Detroit dumps Calgary in double OT
Red Wings 2, Flames 1 (2OT)
Detroit wins series 4-2
Well, given his team was outshot 55-21 tonight, you'd be hard-pressed to blame this one on Miikka Kiprusoff.
These silly overtimes games are making for late, late nights on the sports desk.
UPDATE What that means is that Detroit will host either San Jose or Dallas in Round 2, depending on if the Stars win tomorrow's Game 7 in Vancouver. If the Canucks win, they'll be off to Anaheim to play one of the league's top teams on little rest.
UPDATE This game, and this series, sort of typified what's happened in Round 1 this year: Despite all the predictions of just how tight every series would be, only the Dallas-Vancouver match-up has really been a coin toss (and even then, the Stars have carried the balance of play for the most part).
Five of the eight first-round series ended in four or five games, and in the two that went to six, the team on the losing end never dominated its opposition. None of the seven teams that have advanced so far were out shot in their series, and more than a few heavily outchanced their opposition (think the Rangers, Red Wings and Senators).
Another trend has seen every team — save for the Ducks — that has advanced take far fewer penalties than their opposition.
The Globe and Mail's Al Maki and Eric Duhatschek were both at the game, filing pieces here and here just in time for the newspaper's remodelled edition tomorrow.

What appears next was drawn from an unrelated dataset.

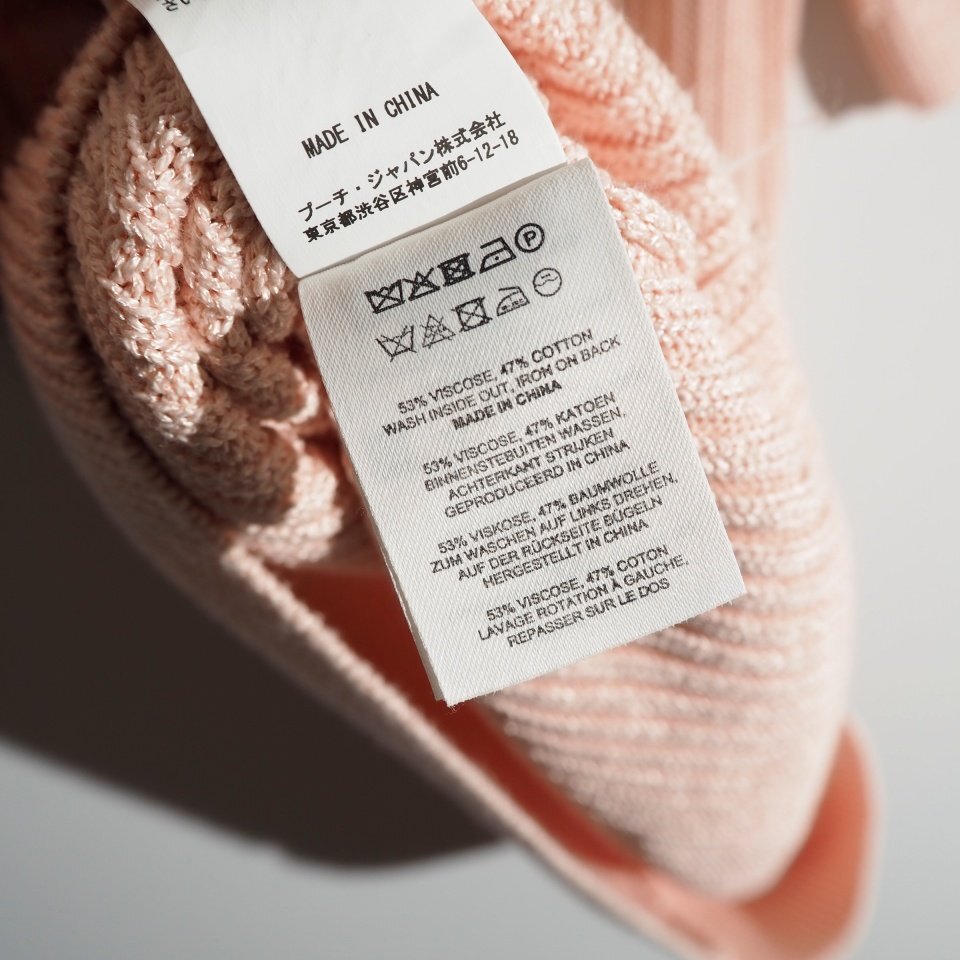 S0200P ▼DRIES VAN NOTEN ドリスヴァンノッテン▼ 25SS TONIA EMB ビジューホルターネック 半袖 サマーニット ピンク S 春夏 mks_画像6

UPDATE Did Jim Playfair's profanity-laced tirade directed at the media make sense to anyone else? He's got to at least expect a few comments regarding the game's lopsided shot totals.
"Was it good enough?" Playfair offered. "Not tonight. I think our team competed hard. It's a draining time, an emotional time — and I'm $25,000 poorer."I've been surprised at just what coaches have been saying postgame so far in these playoffs, including a dejected Alain Vigneault's deriding comments for his own club after a particularly odorous performance on Saturday. Or how about Tampa's John Tortorella talking earlier today about his netminder appearing as though he was ready "to wet his pants" in Game 1.
The amount of pressure on these guys is immense — and it appears some are cracking as the stakes raise.
UPDATE The thing with the Red Wings is that they allow their opposition so few scoring opportunities that it's really not difficult for their games to appear lopsided.
Detroit's game plan of limiting shots against — they were first in the category during the regular season and remain at the top so far in the playoffs — has been the same since Dominik Hasek's first go-around in goal, when he and the team won the Stanley Cup in 2002 with what was, at times, one of the more underwhelming goaltending performances by a Cup-winning netminder. Detroit allowed just 24.6 shots per game against that year, something no team that has advanced to at least the conference finals duplicated that season or since then.
In the series against the Flames, Hasek faced just 21.5 shots per game — 3.1 fewer than Detroit allowed during the season.
The Red Wings' potential opponents, San Jose and Dallas, are two of the league's weakest teams when it comes to shots on goal — barely ahead of the Flames among playoff teams in the category.
UPDATE Calgary's shenanigans in Saturday's Game 5 were not indicative of a team that was going to win this series, especially not against a team as talented as Detroit. Maybe that kind of nonsense worked with the Dayton Bombers against the Huntington Blizzard — but it doesn't wash in the NHL.
I wouldn't be surprised if Playfair was one of a couple of coaches let go this off-season.